According to Apple's official press release about the iPhone 4 reception issues:
"Gripping any phone will result in some attenuation of its antenna performance with certain places being worse than others depending on the placement of the antennas. This is a fact of life for every wireless phone. If you ever experience this on your Phone 4, avoid gripping it in the lower left corner in a way that covers both sides of the black strip in the metal band, or simply use one of many available cases."
The problem with that statement is that it's nearly impossible to hold an iPhone in your left hand withut covering both sides of the black strip in the metal band, meaning that left-handed iPhone 4 users are going to have to either hold their phones in an extremely uncomfortable left-handed position or switch to using their right hands when making phone calls.
It's bad news for the launch of the device, which users around the world predicted would be marred by technical issues. The launch of nearly every Apple iPhone device has been closely followed by revelations about technical problems, stemming from poor wi-fi reception to bad 3G connectivity.
According to tech blog Ars Technica, which has a direct line to Apple founder Steve Jobs, the reception problem stems from the fact that the iPhone's two antennas are placed around the perimeter of the device, as opposed to at the bottom of the handset, where the majority of mobile providers have begun placing their antennas.

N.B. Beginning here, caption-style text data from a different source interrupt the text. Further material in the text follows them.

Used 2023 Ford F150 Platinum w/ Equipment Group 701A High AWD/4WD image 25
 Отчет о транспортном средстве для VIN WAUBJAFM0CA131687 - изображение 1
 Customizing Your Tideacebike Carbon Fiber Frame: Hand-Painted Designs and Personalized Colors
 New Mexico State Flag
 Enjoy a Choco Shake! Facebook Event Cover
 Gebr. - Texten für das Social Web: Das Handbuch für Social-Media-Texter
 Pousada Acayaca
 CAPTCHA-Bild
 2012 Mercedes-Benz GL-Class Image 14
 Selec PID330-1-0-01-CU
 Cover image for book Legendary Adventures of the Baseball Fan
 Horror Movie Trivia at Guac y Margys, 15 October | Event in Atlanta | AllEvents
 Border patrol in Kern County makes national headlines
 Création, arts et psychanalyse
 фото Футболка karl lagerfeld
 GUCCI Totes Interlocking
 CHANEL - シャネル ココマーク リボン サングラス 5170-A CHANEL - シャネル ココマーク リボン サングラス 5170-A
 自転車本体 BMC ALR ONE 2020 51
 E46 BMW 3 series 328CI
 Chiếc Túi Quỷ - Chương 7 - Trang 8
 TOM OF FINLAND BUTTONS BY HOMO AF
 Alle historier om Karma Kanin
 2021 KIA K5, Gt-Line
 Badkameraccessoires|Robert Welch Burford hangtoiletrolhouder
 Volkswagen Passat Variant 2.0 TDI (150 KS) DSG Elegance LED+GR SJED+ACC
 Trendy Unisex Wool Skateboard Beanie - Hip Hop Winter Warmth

The problem occurs when the human hand bridges the two different antennas, leading in many cases to an almost immediate loss of mobile reception.
When Ars Technica contacted Steve Jobs about the problem, Jobs wrote back a snappy email stating that the solution is, quite simply, "don't hold it that way." That one sentence has come to represent Apple's technical shortcomings, forcing users to change how they'd naturally use a device in order to accomodate for Apple's design flaws, design flaws which must surely have turned up in the testing and designing phases of the iPhone 4's development.
The popular device blog Engadget has taken the humor one step farther, pointing out in a wide series of Apple promotional materials that Apple themselves has a tendency to hold the iPhone 4 wrong.
There are some homespun solutions to the problem; Apple recommends using a "bumper" case for the iPhone, which will prevent the skin from coming in contact with the part of the phone that causes the bridging problem. Other iPhone 4 users have discovered that covering the bridge point with simple masking tape is a low-tech solution that, although not visually appealing, is quick and easy to implement.
According to articles early this week, Apple is pushing out an update to the brand-new iOS
4 firmware that they hope will correct, or at least mitigate, the problem.
Let's just hope that this is the only issue that folks discover with the iPhone 4 in the coming days and weeks!